Especially among younger Jews.
“I can see a whole generation of young people who are engaged and excited and becoming voices in the environmental movement,” Stone said, “and doing it as Jews.”
Stone was one of many Jewish leaders analyzing the results of the Copenhagen conference and speculating on where American Jews engaged on this issue go from here.
The Coalition on the Environment and Jewish Life (COEJL) issued a brief statement on its Web site urging its supporters to renew their efforts.
“For two weeks they (world leaders at Copenhagen) worked tirelessly toward an international treaty to confront global climate change and emerged with the Copenhagen Accord,” it read. “However, the international climate negotiations are not over. At this critical time for our climate and energy future, use these resources to join the call for clean and equitable energy solutions.”
Specifically, COEJL and the Religious Action Center of Reform Judaism asked their supporters to back three climate bills before the U.S. Senate: the Clean Energy Jobs and American Power Act (S.1733), the Carbon Limits and Energy for America’s Renewal Act (S. 2877, or the CLEAR Act), and a “tri-partisan” compromise bill.

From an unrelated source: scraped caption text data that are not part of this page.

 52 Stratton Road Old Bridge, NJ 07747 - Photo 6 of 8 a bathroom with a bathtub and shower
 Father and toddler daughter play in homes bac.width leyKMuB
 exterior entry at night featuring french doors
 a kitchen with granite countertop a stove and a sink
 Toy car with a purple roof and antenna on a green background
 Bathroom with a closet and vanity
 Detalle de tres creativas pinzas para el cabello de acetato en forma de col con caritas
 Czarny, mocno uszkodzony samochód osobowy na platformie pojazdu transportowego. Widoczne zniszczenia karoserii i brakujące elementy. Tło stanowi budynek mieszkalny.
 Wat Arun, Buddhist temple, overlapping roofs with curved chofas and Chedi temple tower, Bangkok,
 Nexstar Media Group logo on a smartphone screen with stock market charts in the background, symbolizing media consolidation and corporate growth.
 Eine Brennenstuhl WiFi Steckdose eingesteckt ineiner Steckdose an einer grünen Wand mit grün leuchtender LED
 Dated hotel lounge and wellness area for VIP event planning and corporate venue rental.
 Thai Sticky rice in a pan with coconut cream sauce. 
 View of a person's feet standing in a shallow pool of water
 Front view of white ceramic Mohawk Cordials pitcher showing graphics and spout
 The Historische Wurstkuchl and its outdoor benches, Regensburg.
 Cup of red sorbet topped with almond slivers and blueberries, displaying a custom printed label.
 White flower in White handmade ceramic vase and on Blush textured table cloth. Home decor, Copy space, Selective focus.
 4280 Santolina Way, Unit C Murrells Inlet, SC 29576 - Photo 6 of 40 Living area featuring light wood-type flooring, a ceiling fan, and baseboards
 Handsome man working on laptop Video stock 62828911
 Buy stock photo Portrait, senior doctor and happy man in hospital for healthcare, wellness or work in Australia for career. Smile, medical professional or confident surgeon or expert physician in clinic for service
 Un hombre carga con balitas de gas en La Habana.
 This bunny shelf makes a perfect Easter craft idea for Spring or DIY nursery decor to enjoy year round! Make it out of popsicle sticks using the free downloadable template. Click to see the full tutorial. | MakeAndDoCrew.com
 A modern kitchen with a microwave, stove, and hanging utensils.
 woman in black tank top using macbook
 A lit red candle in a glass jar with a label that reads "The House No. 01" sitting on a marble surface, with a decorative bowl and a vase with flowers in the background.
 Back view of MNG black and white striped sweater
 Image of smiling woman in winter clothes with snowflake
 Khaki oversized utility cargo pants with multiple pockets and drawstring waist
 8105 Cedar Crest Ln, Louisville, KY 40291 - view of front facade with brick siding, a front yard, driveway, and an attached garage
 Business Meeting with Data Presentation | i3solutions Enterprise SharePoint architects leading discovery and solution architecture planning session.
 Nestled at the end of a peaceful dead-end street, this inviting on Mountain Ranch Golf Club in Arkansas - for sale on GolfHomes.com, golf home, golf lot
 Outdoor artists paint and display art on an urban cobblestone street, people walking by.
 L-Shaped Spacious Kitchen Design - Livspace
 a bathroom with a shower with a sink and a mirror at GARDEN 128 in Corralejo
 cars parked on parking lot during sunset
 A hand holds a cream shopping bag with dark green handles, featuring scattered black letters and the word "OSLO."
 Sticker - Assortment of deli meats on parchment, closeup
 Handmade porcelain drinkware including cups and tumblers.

Locally, Pittsburgh Jews took positions running the spectrum on climate change.
“For me, the key issue is we’re moving in the right direction,” said Bernie Goldstein, former dean and professor of environmental and occupational health at the University of Pittsburgh Graduate School of Public Health. “But it was disappointing seeing how little we accomplished. Global warming is real; it will affect nations around the world.”
That includes Israel.
“There’s certainly enough to worry about that it may be a profound effect (on Israel),” said Goldstein, who acts as an advisor to the Environmental Health Foundation there.
The impact on the water supply there will be a major issue, he predicted, but you also look at trees; there’s a fair amount of data out there suggesting forests will become more vulnerable, particularly forests at the edge of desert climates.
Jeffrey Cohan, United Jewish Federation director of Community and Public Affairs, said Copenhagen “left a lot of work unfinished.
“It remains to be seen how the United States and international community respond to climate change because no rock solid agreements came out of Copenhagen,” he said.
In Pittsburgh, “we’re really concentrating on what we can do collectively and as individuals on the climate change issue. … That is within our control.”
Rick “Rocky” Wice, a hydrogeologist and a former chair of the UJF Environmental Committee, said he was disappointed by several developments at Copenhagen.
“I had mixed feelings,” said Wice, a self-described “middle of the roader” when it comes to climate change. “I hoped there would be more consensus on addressing the problem.”
He also balked at the U.S. plan to transfer as much as billions of dollars to underdeveloped nations to help them cope with the impact of climate change.
“I’d rather see the United States invest the money here and become the world leader in established green and sustainable technologies,” he said.
Wice added that the climate change is now overshadowing other, more immediate environmental issues.
For example, he cited the Indian Ocean Basin, where 200,000 to 300,000 people a year, including many children, die from contaminated water supplies.
“That’s not a perceived threat,” he said, “that’s a body count.”
Not everyone in the Jewish community is onboard yet.
“I think there is some resistance to seeing this as a Jewish issue,” Stone said. “It’s slowly changing. We have concerns about Iran and the nuclear issue and Hamas — that fear of the world should not prevent us from engaging the world.”
One local critic of climate change, Hirsh Dlinn, said global warming is myth and referred readers to an online video by John Coleman, the founder of The Weather Channel, who makes a detailed presentation against the climate change position.